And that’s reform that 26 million Americans who still lack reliable access to health care six years after the passage of President Obama’s landmark health insurance law would be justified in seeing as no reform at all.

“Again and again,” Bleifuss continued, we get the same “measured caution” from Clinton. “Dreams are for the future. … Enjoy the feast. Half a loaf is better than none.”

True to the interests of his constituents, Sanders “is having no truck with such a meager meal.” As the senator put it in a speech in Fort Collins, Colo., on Sunday:

I believe that if you start your campaign and run on a platform calling for a full loaf, at worst you’re gonna get a half loaf. If you start your campaign talking about a need for a half loaf, you’re going to get crumbs. And the American people today do not want, do not need crumbs. They need the whole loaf.

With Clinton measurably closer to the nomination, “it looks like we’re sitting down to a pretty lean victors banquet,” Bleifuss continued.
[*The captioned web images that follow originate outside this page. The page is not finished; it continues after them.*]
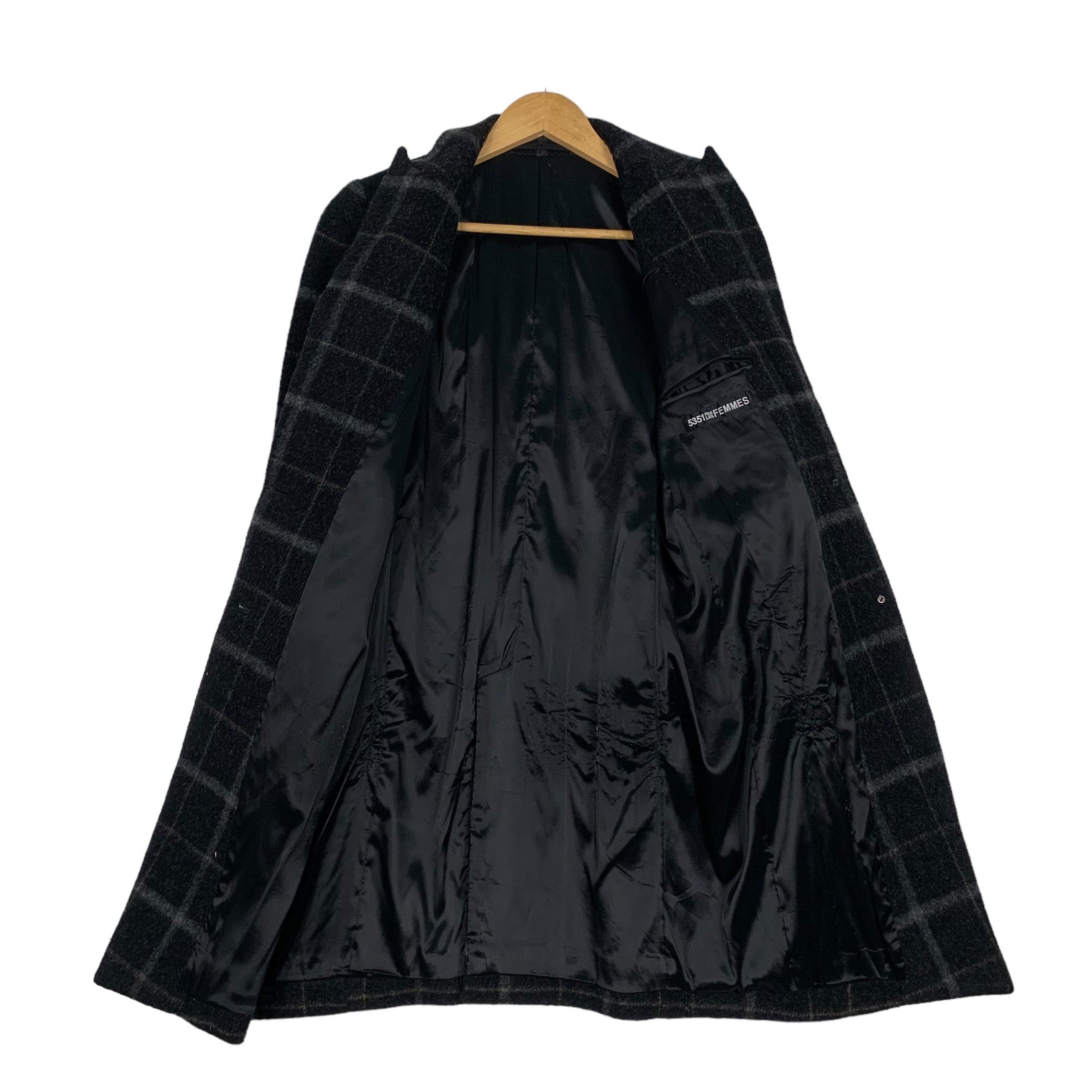 Vintage 5351 Pour Les FEMMES Checked Wool Coat Women's Size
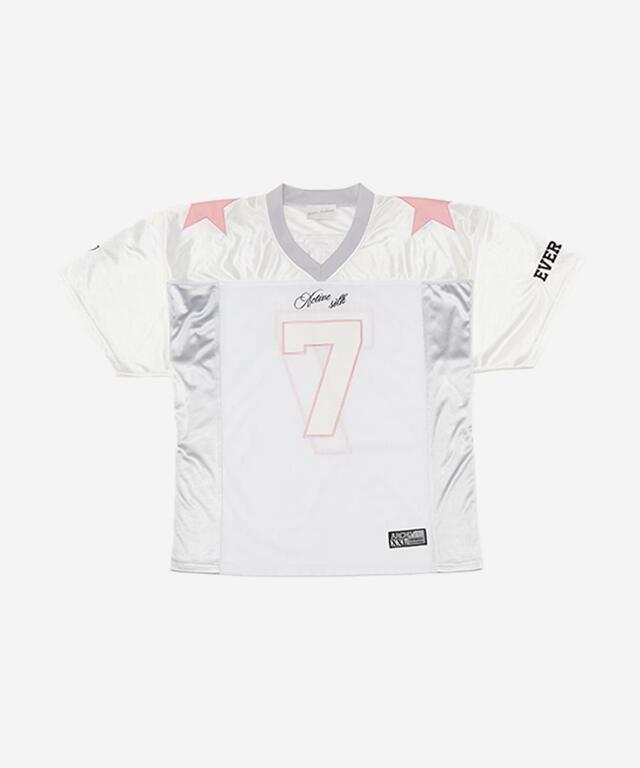 2000 ARCHIVES] 2000 Football T-Shirts - WHITE PINK - VISUAL AID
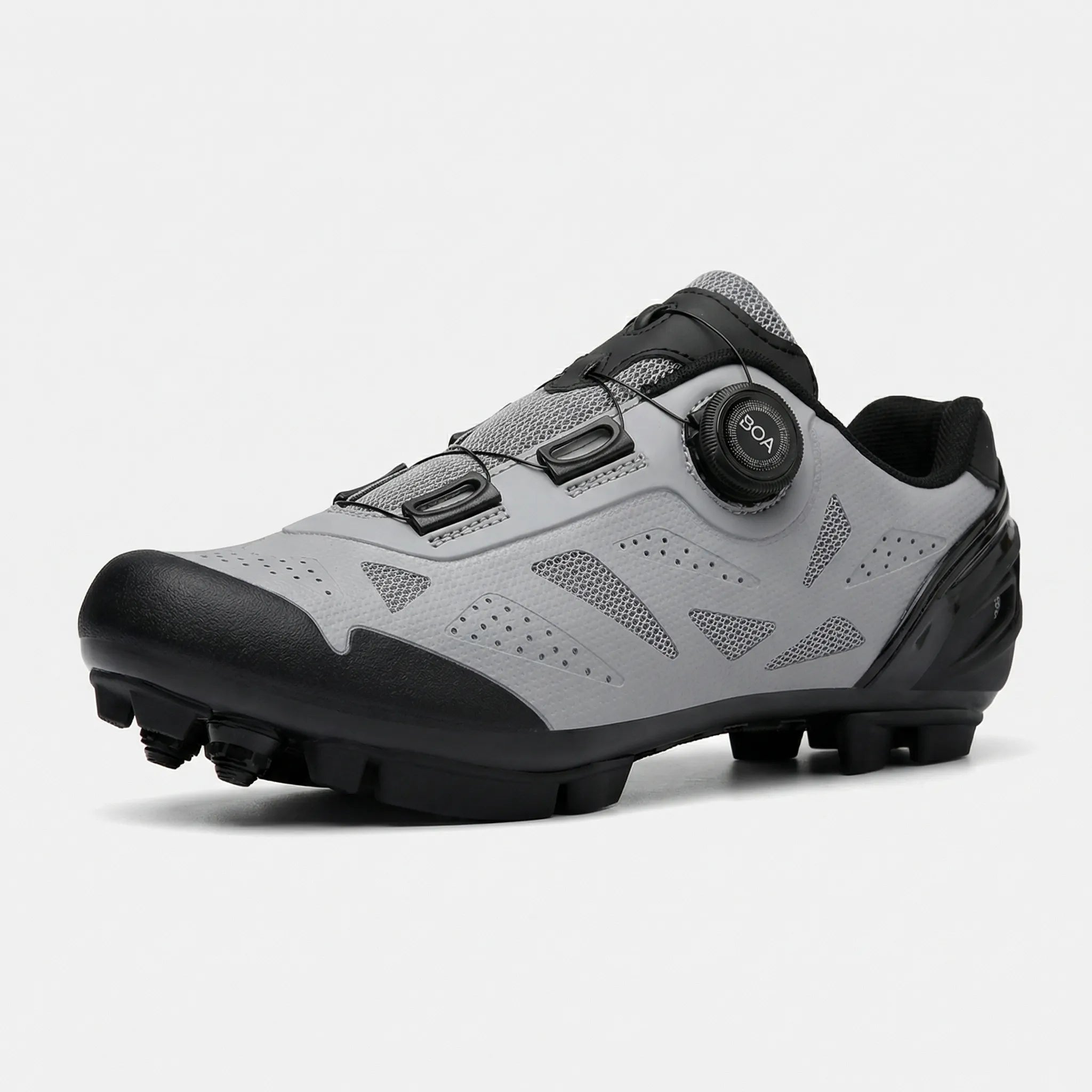MTB cycling shoes with rotary dial closure and SPD cleat compatibility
But if Sanders does lose the nomination, he asks, “[I]n the long-term, who is the real winner? Who has put ideas on the table that herald a future that transcends the status quo? As he has done before, on Super Tuesday, in state after state, Sanders won a majority of Democratic voters under the age of 30. Clinton may yet win the nomination, but the future of the party belongs to Sanders.”

The young people who make up a significant portion of Sanders’ movement “are not clueless dreamers. The harsh realities of employment precarity, debt, low wages, inequality, climate change, etc., have forced young Americans to reassess their circumstances in a cold, harsh light.”

If life in America is basically peachy keen, then the small-bore reforms proposed by Clinton and the neoliberal technocrats who helm the Democratic Party make a lot of sense.

If, on the other hand, the status quo is intolerable—as it is for millions of Americans—then what Sanders calls “political revolution” becomes a moral imperative.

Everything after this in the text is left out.